Vectors and loops are two tools drawn from computer programming that can be very useful when manipulating data. Their primary use is to perform a large number of similar computations using a relatively small program. Some of the more complicated types of data manipulation can only reasonably be done using vectors and loops.

A vector is a set of variables that are linked together because they represent similar things. The purpose of the vector is to provide a single name that can be used to access any of the entire set of variables. A loop is used to tell the computer to perform a set of procedures a specified number of times. Often times we need to perform the same transformation on a large number of variables. By using a loop, we only need to define the transformation once, and can then tell the computer to do the same thing to all the variables using a loop.

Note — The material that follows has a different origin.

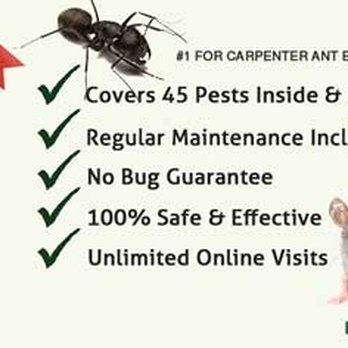 EnviroPest - Pest Control Near Me - Syracuse, New York EnviroPest - Pest Control Near Me - Syracuse, New York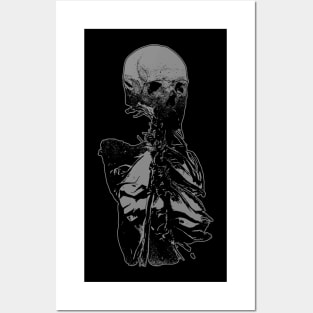 Skeleton Torso Posters and Art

If you have computer-programming experience then you have likely come across these ideas before. However, what SPSS calls a “vector” is typically referred to as an “array” in most programming languages. If you are familiar with arrays and loops from a computer programming course, you are a step ahead. Vectors and loops are used in data manipulation in more or less the same way that arrays and loops are used in standard computer programming.

Vectors can only be defined and used in syntax. Before you can use a vector you first need to define it. You must specify the name of the vector and list what variables are associated with it. Variables referenced by a vector are called “elements” of that vector. You declare a vector using the following syntax.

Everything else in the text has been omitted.